The first phase is discovery and indexing. This is done at build time, rather than configure-time, because, let’s face it, your build system already suffers from enough configure time bloat. Also, as mentioned above, this supports an opt-out system.

The discovery step performs a filesystem walk in order to build up an index of files to be checked. You can use a configuration file or command line options to setup inclusion and exclusion filters for the discovery process. In general, though, each directory that is scanned produces a list of files to lint. If the timestamp of a tracked directory changes, it is rescanned for new files, or new directories.

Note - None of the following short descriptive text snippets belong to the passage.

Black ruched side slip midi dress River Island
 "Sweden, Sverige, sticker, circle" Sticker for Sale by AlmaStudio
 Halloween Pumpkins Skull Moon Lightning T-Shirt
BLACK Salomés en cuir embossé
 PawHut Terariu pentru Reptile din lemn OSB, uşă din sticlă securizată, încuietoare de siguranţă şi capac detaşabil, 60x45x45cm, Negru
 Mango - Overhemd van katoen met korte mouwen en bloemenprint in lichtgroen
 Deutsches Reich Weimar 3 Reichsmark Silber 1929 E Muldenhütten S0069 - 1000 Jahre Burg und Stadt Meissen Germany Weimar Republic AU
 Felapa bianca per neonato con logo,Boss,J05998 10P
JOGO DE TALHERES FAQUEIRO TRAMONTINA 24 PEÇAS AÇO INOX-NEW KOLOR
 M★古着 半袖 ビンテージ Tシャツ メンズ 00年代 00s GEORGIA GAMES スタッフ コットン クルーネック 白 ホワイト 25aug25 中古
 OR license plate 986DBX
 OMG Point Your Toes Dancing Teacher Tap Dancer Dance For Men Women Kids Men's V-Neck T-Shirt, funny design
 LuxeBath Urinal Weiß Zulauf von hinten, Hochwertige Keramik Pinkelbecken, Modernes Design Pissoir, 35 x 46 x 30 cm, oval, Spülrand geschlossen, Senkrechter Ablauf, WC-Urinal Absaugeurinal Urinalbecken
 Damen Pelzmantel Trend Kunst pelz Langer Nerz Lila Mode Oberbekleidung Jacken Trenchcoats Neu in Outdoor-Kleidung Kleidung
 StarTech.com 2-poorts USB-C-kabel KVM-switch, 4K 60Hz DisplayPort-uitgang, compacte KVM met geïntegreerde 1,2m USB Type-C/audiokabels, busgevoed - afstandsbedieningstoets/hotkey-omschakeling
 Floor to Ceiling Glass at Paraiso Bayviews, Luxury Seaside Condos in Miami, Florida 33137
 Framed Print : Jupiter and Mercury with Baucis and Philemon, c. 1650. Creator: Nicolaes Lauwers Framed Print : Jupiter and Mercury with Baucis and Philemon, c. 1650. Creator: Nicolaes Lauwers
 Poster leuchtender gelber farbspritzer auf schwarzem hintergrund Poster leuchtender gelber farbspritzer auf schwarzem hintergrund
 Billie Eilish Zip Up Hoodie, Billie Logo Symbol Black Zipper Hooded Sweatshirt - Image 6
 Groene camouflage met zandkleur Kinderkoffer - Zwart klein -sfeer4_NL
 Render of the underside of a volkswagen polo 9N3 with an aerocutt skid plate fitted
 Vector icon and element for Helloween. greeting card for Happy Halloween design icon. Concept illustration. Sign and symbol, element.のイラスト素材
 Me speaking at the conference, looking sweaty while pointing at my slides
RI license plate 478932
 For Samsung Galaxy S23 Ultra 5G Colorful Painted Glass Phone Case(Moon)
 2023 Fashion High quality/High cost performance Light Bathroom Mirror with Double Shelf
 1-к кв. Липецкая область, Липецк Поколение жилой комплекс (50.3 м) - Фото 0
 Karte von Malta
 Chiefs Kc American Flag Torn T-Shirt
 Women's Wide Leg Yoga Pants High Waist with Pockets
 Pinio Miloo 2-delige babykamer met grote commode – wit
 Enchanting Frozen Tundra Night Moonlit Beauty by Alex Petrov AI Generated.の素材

The output of the discovery phase is a manifest file per-directory tracked. The creation of this manifest depends on the modification time of the directory it corresponds to and will be re-built if the directory is changed. If a new subdirectory is added, the system will recursively index that new directory. If a directory is removed, it will recursively purge that directory from the manifest index.

Content Digest

The second phase is content summary and digest creation. The sha1 of each tracked file is computed and stored in a digest file (one per source file). The digest file depends on the modification time of the source file.

Dependency Inference

The third phase is dependency inference. During this phase each tracked source file is indexed to get a complete dependency footprint. Note that this is done by importing each module file in a clean interpreter process, and then inspecting the __file__ attribute of all modules loaded by interpreter. Note that this has a couple of implications:

  • Dynamically loaded modules may not be discovered as dependencies
  • Any import work will increase the runtime of this phase

The outputs for this phase is a dependency manifest: one per source file. The manifest contains a list of files that are dependencies. The dependencies of this manifest are the modification times of the digest sidecar file for each of the source file itself, as well as all of it’s dependencies. If any of these digest files are modified, the manifest is rebuilt. There is a fastpath, however, in that if none of the digests themselves have changed the manifest modification time is updated but the dependency scan is skipped.

Executing tools

Once the depency footprints are updated we can finally start executing the actual tools. There are two outputs of a tool execution : a stampfile (one per source file) and a logfile. The stampfile is skipped on failure and the logfile is removed on success.